Los actuales movimientos antisistémicos en América Latina, sobre todo los indígenas, los campesinos y crecientemente los urbanos, tienen características diferentes a las del viejo movimiento obrero. La principal es que han puesto en pie una economía otra, o sea iniciativas capaces de producir una parte de los valores de uso que necesitan las personas. Me refiero a las fábricas recuperadas, los talleres productivos de alimentos y de otros bienes, materiales y simbólicos, vinculados a la salud, la educación, la cultura, el ocio, y una infinidad de iniciativas colectivas de base. Esos espacios de producción y reproducción de la vida cotidiana han ganado centralidad en la vida de los oprimidos como nunca antes en la historia del capitalismo dependiente urbano. Esas miles de iniciativas, que nacieron en el último ciclo de luchas y que luego decayeron pero no han desparecido, están arraigadas en los territorios de la pobreza, en aquellos espacios que resisten el despojo.
A mi modo de ver encarnan una de las posibilidades de superar la destrucción de la fuerza organizada que en periodos anteriores le ha correspondido a la socialdemocracia y hoy al progresismo. Hay dos condiciones necesarias: la formación y la economía. La primera es ya un patrimonio común de la mayor parte de los movimientos de nuevo tipo, que tienen espacios permanentes de formación autónoma, no sólo de sus miembros sino de sectores más amplios. Sin formación/educación será imposible estabilizar una fuerza política con una relativamente amplia base social que no sea culturalmente ganada por el consumismo y la política del sistema.

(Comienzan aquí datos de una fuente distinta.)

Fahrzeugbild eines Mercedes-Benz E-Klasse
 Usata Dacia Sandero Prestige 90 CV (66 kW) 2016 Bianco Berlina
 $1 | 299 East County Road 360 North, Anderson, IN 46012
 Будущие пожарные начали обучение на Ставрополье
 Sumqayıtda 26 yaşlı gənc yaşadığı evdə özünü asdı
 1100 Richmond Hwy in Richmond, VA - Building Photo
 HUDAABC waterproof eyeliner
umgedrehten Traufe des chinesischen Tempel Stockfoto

La segunda premisa es la construcción de algo que podemos denominar una “economía en resistencia”, que es hoy una realidad embrionaria y compleja. Puede y debe asentarse en los espacios productivos ya existentes, pero debe ir más lejos para ganar a sectores más amplios que los que están directamente involucrados en la producción. Debe construirse de modo diferente a la economía capitalista, no para acumular sino para asegurar el flujo de valores de uso que deben estar a disposición de todos y todas. De algún modo, esta economía debería estar inspirada en la célebre frase “de cada cual según capacidad, a cada cual según su necesidad”. Es apenas un norte, una inspiración, a sabiendas de que estos espacios son codiciados por el Estado y el mercado y deben ser defendidos, elevando muros culturales más que políticos, simbólicos más que materiales.
La construcción de autonomía de los de abajo no puede depender de los ciclos del capital, porque sería tanto como negar su carácter autónomo. Hoy sabemos que la autonomía es la principal condición para que el periodo de crisis actual no se diluya en una nueva y monumental frustración, porque supone ir más allá de la actitud reactiva. Sabemos también que no puede hipotecarse en estructuras jerárquicas o “estadocéntricas” y que no es la organización lo que resuelve el desafío de la autonomía. Probablemente la combinación de autoeducación sistemática y producción no mercantil nos permita enfrentar la inevitable recuperación del capital en mejores condiciones.